10BData607

Author

XiaoFei

Introduction

This analysis use the Nobel Prize organization’s public API to explore structured data on laureates and prizes. The goal is to answer the following four data-driven questions:

  1. How has the share of female laureates changed across decades and categories?

  2. Which countries have “lost” the most laureates to other nations (i.e., born in one country but affiliated elsewhere at award time)?

  3. Which countries have produced the most Nobel laureates by birth?

  4. How has the number of prizes per category evolved over time?

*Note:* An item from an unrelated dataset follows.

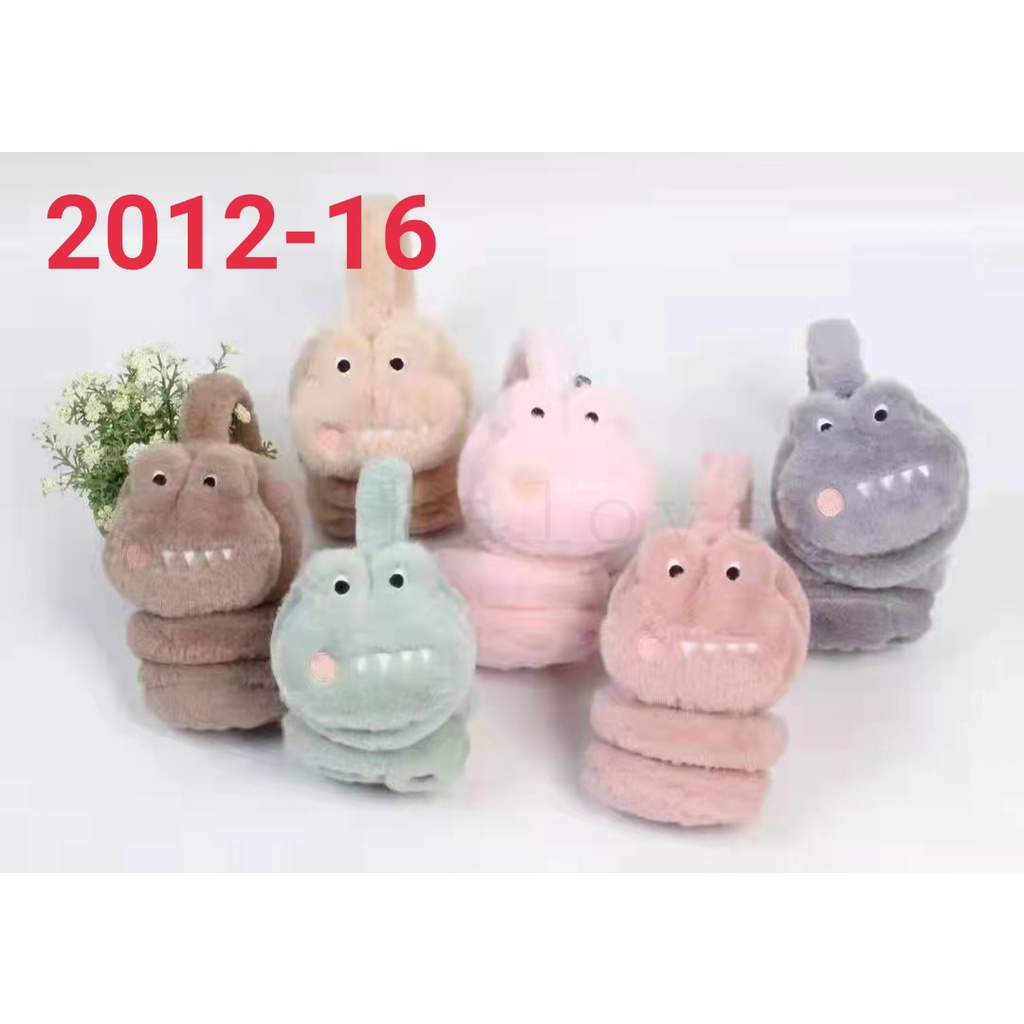 Ready Bandung Earmuff lipat , Earmuff beruang , Earmuff bunny , Penutup Telinga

We will first establish a connection to the Nobel Prize API endpoints (`/laureates` and `/nobelPrizes`). The raw JSON responses will be saved into tibbles, then cleaned and joined to create two primary data frames: - `laureate_prizes` and `prizes_df for analysis.

Setup API Connection

library(httr2)
library(jsonlite)
library(dplyr)

Attaching package: 'dplyr'
The following objects are masked from 'package:stats':

    filter, lag
The following objects are masked from 'package:base':

    intersect, setdiff, setequal, union
library(tidyr)
library(ggplot2)
library(stringr)
library(forcats)
library(scales)
library(knitr)
library(lubridate)

Attaching package: 'lubridate'
The following objects are masked from 'package:base':

    date, intersect, setdiff, union
theme_set(theme_minimal(base_size = 12))

fetch_nobel <- function(endpoint, limit = 1000) {
  url <- paste0("https://api.nobelprize.org/2.1/", endpoint,
                "?limit=", limit, "&offset=0&format=json")
  resp <- request(url) |>
    req_headers(Accept = "application/json") |>
    req_perform()
  resp |> resp_body_string() |> fromJSON(flatten = TRUE)
}

# ── Laureates endpoint 
raw_laureates <- fetch_nobel("laureates", limit = 1000)

# ── Nobel Prizes endpoint 
raw_prizes <- fetch_nobel("nobelPrizes", limit = 1000)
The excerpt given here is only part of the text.